A short while ago I started following a fascinating blog movement started by Alexa Clark, the genius behind the "Cheap Eats" series of books that profiles great restaurants in various cities (like Toronto and Ottawa) where you can get a decent meal without breaking your pocket book. It works this way: Books are offered out on the MiniBookExpo blog, bloggers claim them, get them, read them then post a review. Or, for full details, read the full rules here. The following is a review from a book I claimed:
Guerrilla Publicity: Hundreds of Sure-Fire Tactics to Get Maximum Sales for Minimum Dollars - Jay Conrad Levinson, Rick Frishman & Jill Lublin
Here is a book that I was definitely looking forward to reading from two different points of view. One, as a writer, I wanted to check it out and see what benefits I could reap learning new and strategic methods of garnering publicity for my writing projects. Second, as a manager of an independent bookstore, constantly up against the large corporate booksellers and the "Amazon's" of the world, with large amounts of cash at their disposal for publicity and promotions, it's always good to determine surefire methods of capturing attention.
This second edition of Guerrilla Publicity (headed by Jay Conrad Levinson, creator of the Guerrilla Marketing series) comes out six years after the first edition's release. I was rather excited to see that the new edition addressed not only traditional media outlets but also a slew of Web 2.0 publicity options, including podcasts, blogs, social networking sites, etc.

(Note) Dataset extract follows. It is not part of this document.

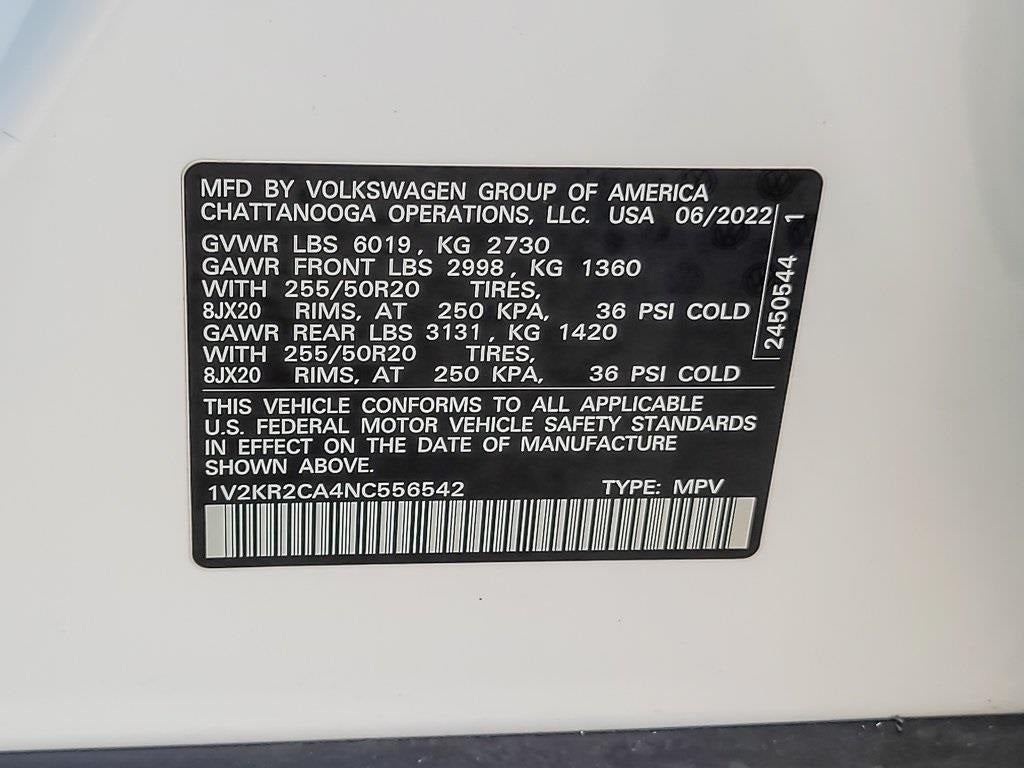 2022 Volkswagen Atlas 3.6L V6 SE w/Technology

In terms of learnings, I benefited greatly from reading this book -- the introductory chapters, especially, help lay the groundwork out for the concept of what it means to create a clear and consistent message for delivery. I was also impressed with the snippets of Guerrilla Intelligence, Guerrilla Tactics and Guerrilla Tales blocks of text scattered throughout each of the chapters. They either nicely summed up or offered specific and concrete examples related to the points being addressed in the main text.

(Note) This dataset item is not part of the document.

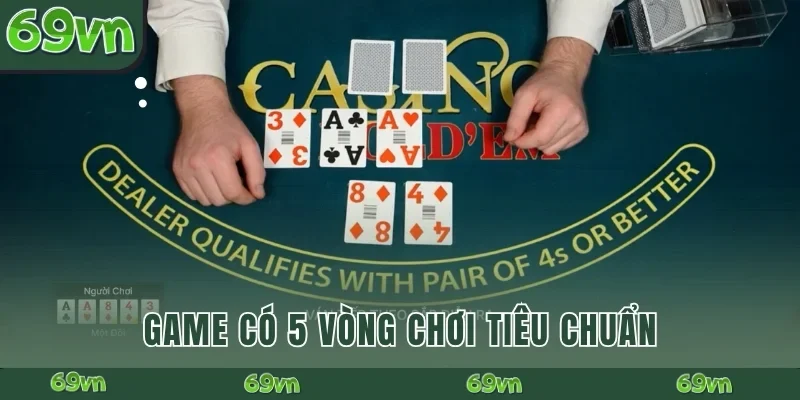 Game có 5 vòng chơi tiêu chuẩn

Personally, I gained more insight from the more traditional methods of garnering publicity than I did from the Web 2.0 strategies discussed. I didn't realize, until after I read this book at how much information I've been able to distill from various sources over the years. For example, I have gained tremendous insights listening to various podcasts like the Tee Morris podcast "The Survival Guide to Writing Fantasy" in which he specifically discusses methods for writers to get the world to notice YOUR books over the several hundred thousand others being offered out there. And in terms of understanding social media and networking sites, having attended various Campus Stores Canada and Canadian Booksellers Association workshops and conferences these past several years, I have gained tremendous knowledge of applying digital strategies for my business.
However, for someone who hasn't benefited from jam-packed information sessions, conferences and professional workshops, Guerrilla Publicity does offer a comprehensive and concise introduction to using digital technologies and the internet to garner attention and publicity.
In conclusion, Guerrilla Publicity is definitely a book I would recommend to writers and business owners alike. There is much intelligence on publicity strategies to be learned from the book. And it contains not only a series of low-cost stategies for garnering attention and publicity, but also offers very clear guidance on maintaining focus and a consistent "brand" in all communications.